> What to do: In the listing below, how many lines hold the string "much"? Reply with the number and nothing else.

> Excerpted data:

- - - - -

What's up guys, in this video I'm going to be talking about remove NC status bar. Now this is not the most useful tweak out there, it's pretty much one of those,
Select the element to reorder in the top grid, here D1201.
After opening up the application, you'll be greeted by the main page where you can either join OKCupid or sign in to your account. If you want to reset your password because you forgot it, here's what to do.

- - - - -

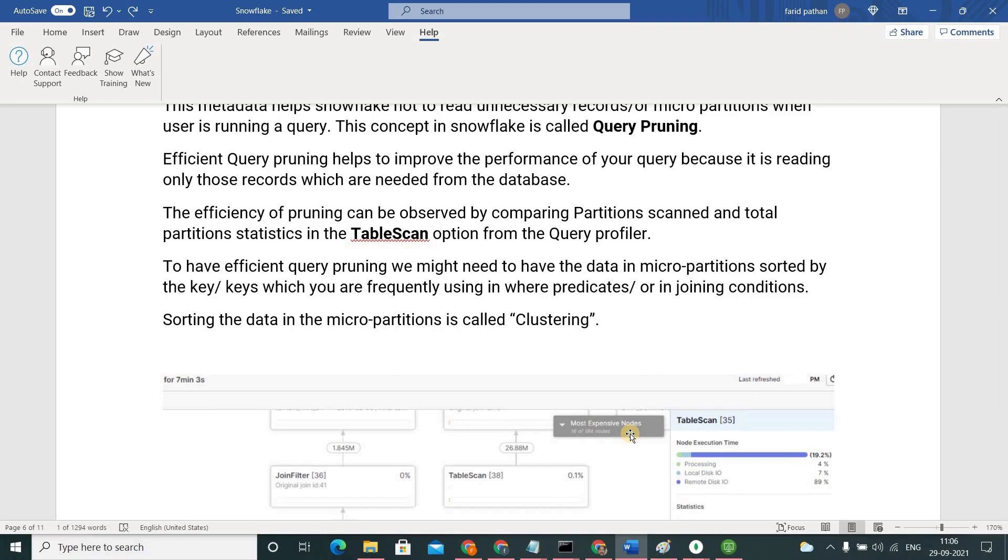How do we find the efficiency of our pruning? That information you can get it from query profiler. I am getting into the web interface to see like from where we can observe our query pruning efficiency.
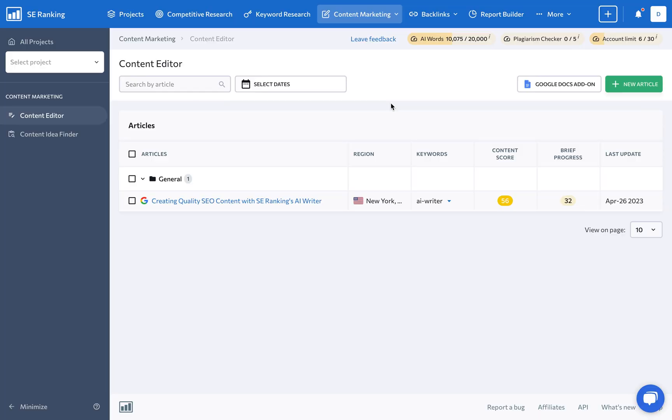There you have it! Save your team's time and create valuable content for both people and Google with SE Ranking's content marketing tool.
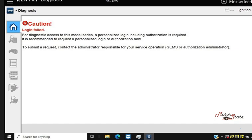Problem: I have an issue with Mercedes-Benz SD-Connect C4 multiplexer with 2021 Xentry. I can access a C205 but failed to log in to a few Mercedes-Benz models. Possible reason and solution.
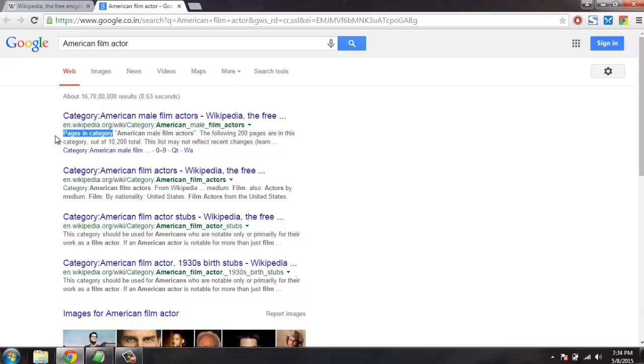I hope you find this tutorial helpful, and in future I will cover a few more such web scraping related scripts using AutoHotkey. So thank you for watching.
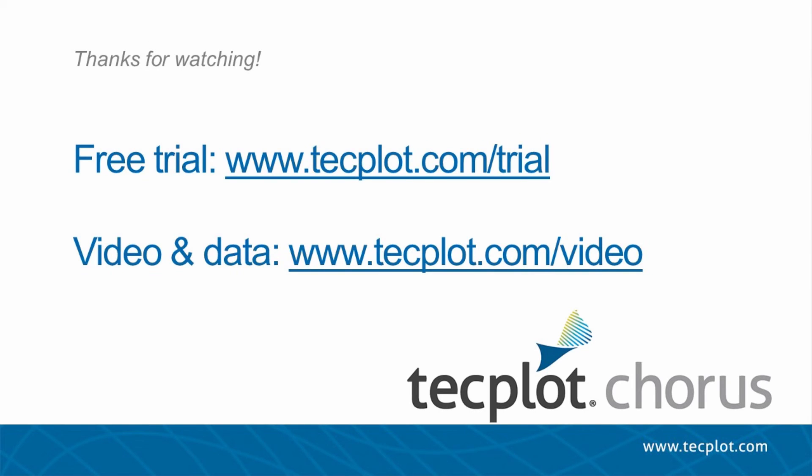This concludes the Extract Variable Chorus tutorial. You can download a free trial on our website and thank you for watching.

- - - - -

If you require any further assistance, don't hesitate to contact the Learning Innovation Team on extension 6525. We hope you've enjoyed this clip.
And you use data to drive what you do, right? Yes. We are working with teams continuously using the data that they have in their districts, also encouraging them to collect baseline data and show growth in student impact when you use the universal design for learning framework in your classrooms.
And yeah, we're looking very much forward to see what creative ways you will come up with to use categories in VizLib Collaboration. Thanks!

- - - - -

> Answer for the task: 2